In my case, I’ve chosen to evaluate the automatically trained models using Normalized root mean squared error, since I want to be able to know how far off my predictions are. I don’t want Automated ML to take more than one hour to find a suitable model, because I want my costs to be really predictable. I want to evaluate the models using a 5-fold cross validation to make sure it’s not overfitting my data, and finally, I want to evaluate as many models as possible so I chose to have 6 concurrent iterations (remember, that’s the maximum for my compute quota), effectively enabling it to try out 6 potential models in parallel.

Once started, you’ll notice a new experiment has been created which has a run, well, running. This run, lovingly called Run 1, contains all there is to know about our automl run - most importantly any and all data issues it detected and their fixes in the Data guardrails tab, and also a growing list of potential models currently evaluated in the Child runs tab.

You’ll notice a bit of a delay when you first start an AutoML run — this is because of mainly two reasons:

  1. On the one hand, before it starts, Azure ML needs to configure a Docker image with all the Python packages needed to run.
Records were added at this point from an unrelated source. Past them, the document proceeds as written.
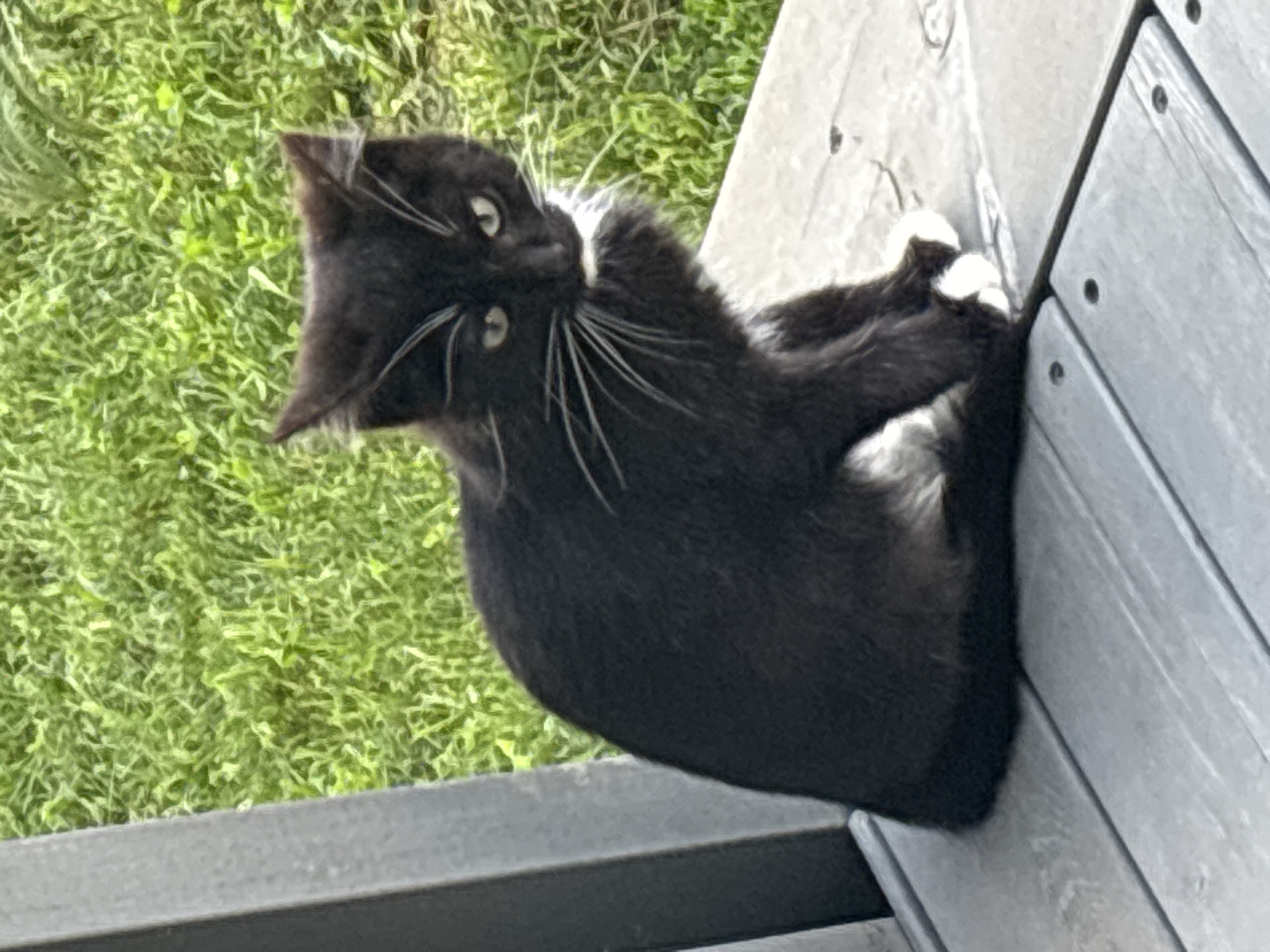 Cats eating, playing, and lounging on a Zvenigorod deck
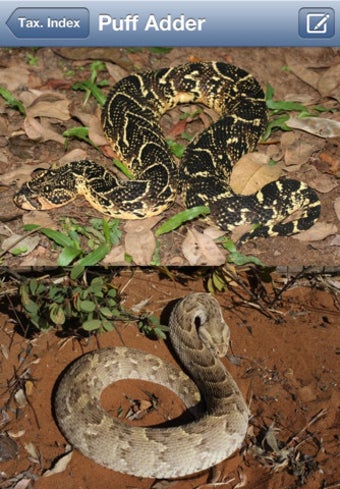 Image 6 for eSnakes of Southern Afric…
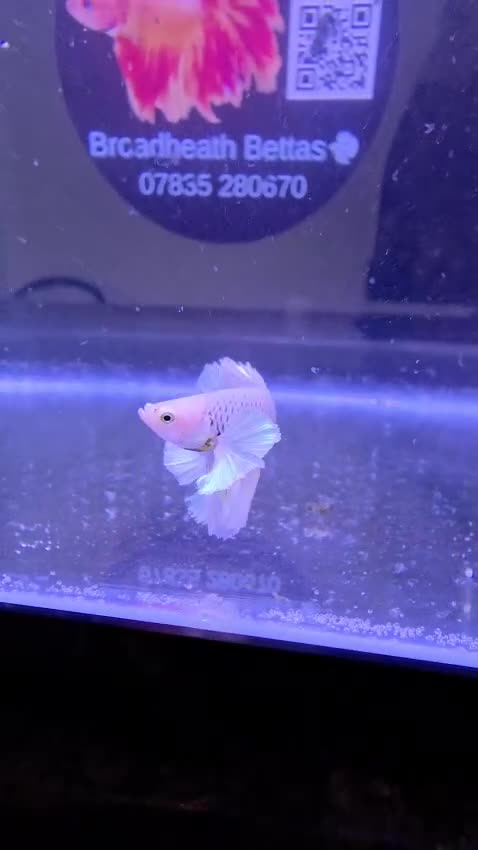 Bettas fish for sale: Bettas / tropical fish  in Altrincham - Video 3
This takes a few minutes, but it ensures further reproducibility (plus, it’s really cool)
  2. On the other hand, our compute nodes each need to be allocated and then they need to pull those automl-enabled Docker images created earlier, taking a few minutes more — you can check the status of the compute allocation at any time in the Compute menu, but I suggest brewing a coffee instead and only take a look afterwards to make sure there’s something to see.

After what I can only hope were no more than three espressos and a latte, we’ll start seeing some interesting results. For my setup, in less than 40 minutes Auto ML explored 65 possible models, including stacked and voting ensembles of the best performing models, and identified a Voting Ensemble as being the best of the best.

You can take a look at its details of course, there’s a lot of interesting stuff here including but not limited to the generated explanations and metrics - you’ll notice Auto ML calculated a lot of metrics apart from our primary one - Normalized root mean squared error. These include Explained variance, Mean absolute error, R2 score, Spearman correlation, even Root mean squared error. The special thing about the primary metric is that it’s used to identify the best model - had you chosen a different metric, you may have gotten a different model.

Once you decide which model to use, there’s also a simple way for you to Deploy your model directly in Azure ML, or even Download it and deploy it to the cloud of your liking.

Congratulations, you’ve done it!

If you’ve followed along this guide, then it means you’ve done quite a few things: you’ve defined a problem, found meaningful data that can be used to solve said problem, configured the necessary Azure resources that enabled you to automatically train a model on the data.

Profit?

Now you’re probably wondering how to make use of this model, be it for further evaluation and improvement or for deploying it as a REST endpoint and integrating it in your AI-powered, blockchain-enabled startup.

In other words, how do we profit from this?

  1. 🗄 Get the Data
  2. 💻 Find a computer
  3. 🤖 Run Automated ML
  4. 💰 Profit?

That my friends, is a story for another time. Update: I’ve posted this article that goes into the nitty-gritty details of deploying models with Azure ML Pipelines.